Romosozumab-osteoporosis drug. A new drug has come to market. Amgen
is the company making this drug. Here are reports of some scientific studies:
New England Journal of Medicine (NEJM), the trial demonstrated that,
compared with placebo, romosozumab treatment for 12 months significantly increased BMD at the lumbar spine, total hip and femoral neck. Significant increases were also observed in the first BMD assessment at three months. Moreover, in exploratory analyses, increases observed at the lumbar spine and hip were
significantly greater than those observed with current treatments
FOSAMAX® (alendronate sodium) and FORTEO™/FORSTEO® (teriparatide).
Another study done in 2014 showed:
"All dose levels of romosozumab were associated with significant
increases in bone mineral density at the lumbar spine, including
an increase of 11.3% with the 210-mg monthly dose, as compared
with a decrease of 0.1% with placebo and increases of 4.1% with
alendronate and 7.1% with teriparatide.
Romosozumab was also associated with large increases in bone mineral density at the total hip and femoral neck, as well as transitory increases in bone-formation markers
and sustained decreases in a bone-resorption marker. Except for mild,
generally nonrecurring injection-site reactions.
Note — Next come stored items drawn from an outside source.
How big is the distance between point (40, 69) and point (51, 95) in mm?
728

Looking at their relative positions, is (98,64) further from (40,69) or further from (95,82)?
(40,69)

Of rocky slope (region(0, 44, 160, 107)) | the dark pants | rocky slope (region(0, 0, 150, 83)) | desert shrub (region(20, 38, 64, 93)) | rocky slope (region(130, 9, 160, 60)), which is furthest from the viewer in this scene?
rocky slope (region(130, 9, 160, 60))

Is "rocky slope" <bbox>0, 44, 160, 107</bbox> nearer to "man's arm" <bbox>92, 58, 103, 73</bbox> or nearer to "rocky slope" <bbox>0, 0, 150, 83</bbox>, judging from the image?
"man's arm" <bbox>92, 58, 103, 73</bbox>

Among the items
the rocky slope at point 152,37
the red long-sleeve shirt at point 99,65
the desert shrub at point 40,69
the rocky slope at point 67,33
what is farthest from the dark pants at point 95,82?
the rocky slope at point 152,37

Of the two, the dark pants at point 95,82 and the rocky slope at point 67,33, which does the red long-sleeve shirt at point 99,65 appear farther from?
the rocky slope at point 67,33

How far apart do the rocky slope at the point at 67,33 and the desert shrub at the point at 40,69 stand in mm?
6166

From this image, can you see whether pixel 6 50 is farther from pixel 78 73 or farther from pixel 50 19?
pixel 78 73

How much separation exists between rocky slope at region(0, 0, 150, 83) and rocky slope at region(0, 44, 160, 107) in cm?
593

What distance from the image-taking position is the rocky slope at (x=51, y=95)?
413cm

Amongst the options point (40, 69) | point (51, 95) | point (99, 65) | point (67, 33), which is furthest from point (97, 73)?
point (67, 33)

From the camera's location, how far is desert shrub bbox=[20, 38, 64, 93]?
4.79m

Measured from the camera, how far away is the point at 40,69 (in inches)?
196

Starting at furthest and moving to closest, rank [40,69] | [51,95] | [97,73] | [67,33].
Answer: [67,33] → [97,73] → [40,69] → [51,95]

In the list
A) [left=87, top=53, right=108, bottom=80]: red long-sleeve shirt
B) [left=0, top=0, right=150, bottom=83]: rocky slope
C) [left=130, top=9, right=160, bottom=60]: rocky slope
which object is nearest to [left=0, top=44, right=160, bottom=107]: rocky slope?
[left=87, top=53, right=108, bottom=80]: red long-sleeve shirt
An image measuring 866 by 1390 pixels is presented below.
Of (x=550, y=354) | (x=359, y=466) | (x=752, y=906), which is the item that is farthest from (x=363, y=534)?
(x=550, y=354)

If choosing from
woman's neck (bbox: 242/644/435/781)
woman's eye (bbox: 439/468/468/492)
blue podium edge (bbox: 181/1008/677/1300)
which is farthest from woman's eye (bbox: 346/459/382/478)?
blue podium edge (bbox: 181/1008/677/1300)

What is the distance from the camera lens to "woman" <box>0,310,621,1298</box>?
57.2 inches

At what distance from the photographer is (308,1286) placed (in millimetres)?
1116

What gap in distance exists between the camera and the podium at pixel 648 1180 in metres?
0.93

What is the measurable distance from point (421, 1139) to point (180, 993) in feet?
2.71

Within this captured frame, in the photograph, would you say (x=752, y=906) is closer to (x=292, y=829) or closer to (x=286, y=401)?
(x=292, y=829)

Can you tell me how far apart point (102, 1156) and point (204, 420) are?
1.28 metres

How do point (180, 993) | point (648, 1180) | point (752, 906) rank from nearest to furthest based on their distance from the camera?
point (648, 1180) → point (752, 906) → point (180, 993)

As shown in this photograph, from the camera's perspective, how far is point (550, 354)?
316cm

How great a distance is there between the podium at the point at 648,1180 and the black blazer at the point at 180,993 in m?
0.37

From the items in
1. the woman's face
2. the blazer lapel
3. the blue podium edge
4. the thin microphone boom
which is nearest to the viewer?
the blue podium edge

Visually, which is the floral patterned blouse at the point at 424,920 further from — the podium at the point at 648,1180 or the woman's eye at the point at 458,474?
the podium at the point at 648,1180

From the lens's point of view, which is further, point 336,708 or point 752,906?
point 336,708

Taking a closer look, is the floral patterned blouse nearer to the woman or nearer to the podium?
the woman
Sudy by McClung MR1, Grauer A,
Boonen S, Bolognese MA, Brown JP, Diez-Perez A, Langdahl BL, Reginster JY,
Zanchetta JR, Wasserman SM, Katz L, Maddox J, Yang YC, Libanati C, Bone HG.
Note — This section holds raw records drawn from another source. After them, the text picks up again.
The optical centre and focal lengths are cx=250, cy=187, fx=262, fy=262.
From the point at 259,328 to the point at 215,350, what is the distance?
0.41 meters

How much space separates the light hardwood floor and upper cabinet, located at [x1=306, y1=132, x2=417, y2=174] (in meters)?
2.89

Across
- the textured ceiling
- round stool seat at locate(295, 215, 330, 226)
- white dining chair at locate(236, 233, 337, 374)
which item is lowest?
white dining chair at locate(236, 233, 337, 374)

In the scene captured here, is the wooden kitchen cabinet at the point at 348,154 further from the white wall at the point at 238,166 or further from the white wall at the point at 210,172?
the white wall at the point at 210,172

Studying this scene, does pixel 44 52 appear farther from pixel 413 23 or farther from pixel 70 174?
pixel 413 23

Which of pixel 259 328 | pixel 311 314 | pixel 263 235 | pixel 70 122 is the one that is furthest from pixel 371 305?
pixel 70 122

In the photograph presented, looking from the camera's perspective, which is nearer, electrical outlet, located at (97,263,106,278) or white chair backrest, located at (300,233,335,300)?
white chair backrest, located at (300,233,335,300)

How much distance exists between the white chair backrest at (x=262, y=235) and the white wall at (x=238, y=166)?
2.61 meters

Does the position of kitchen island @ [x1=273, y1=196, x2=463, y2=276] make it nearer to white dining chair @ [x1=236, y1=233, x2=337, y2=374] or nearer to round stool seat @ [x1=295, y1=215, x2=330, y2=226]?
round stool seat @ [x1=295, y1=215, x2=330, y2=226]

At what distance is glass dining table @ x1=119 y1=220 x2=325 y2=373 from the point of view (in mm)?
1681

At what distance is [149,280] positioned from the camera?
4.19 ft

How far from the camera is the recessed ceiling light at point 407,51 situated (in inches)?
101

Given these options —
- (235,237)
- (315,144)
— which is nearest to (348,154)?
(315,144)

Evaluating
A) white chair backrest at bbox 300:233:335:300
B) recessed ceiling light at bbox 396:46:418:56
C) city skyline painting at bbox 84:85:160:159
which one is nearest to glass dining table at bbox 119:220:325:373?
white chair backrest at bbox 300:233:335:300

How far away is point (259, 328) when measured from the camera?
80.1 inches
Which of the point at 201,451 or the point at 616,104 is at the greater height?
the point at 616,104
New England Journal Medicine. Jan 2014
Another study: Developments in sclerostin biology: regulation of gene expression, mechanisms of action, and physiological functions was published in 2014. Current Osteoporosis Rep.
"The SOST gene, which encodes the protein sclerostin, was identified through genetic linkage analysis of sclerosteosis and van Buchem’s disease (VBD) patients. Sclerostin is a secreted glycoprotein that binds to the Low-density lipoprotein Receptor-related Proteins (LRP) 4, 5, and 6 to inhibit Wnt signaling. Since the initial discovery of sclerostin, much understanding has been gained into the role of this protein in the regulation of skeletal biology. In this article, we discuss the latest findings in the regulation of SOST expression, sclerostin mechanisms of action, and the potential utility of targeting sclerostin in conditions of low bone mass."
This is not the only Osteoporosis medication available but it is a new one and researchers hope that it will avoid some of the drawbacks of other drugs eg. spontaneous fractures after long term use etc.
If you are interested in this drug I urge you to speak with your health care provider. He or she should be able to give you solid advice about whether this might be a good drug for your use ....or not.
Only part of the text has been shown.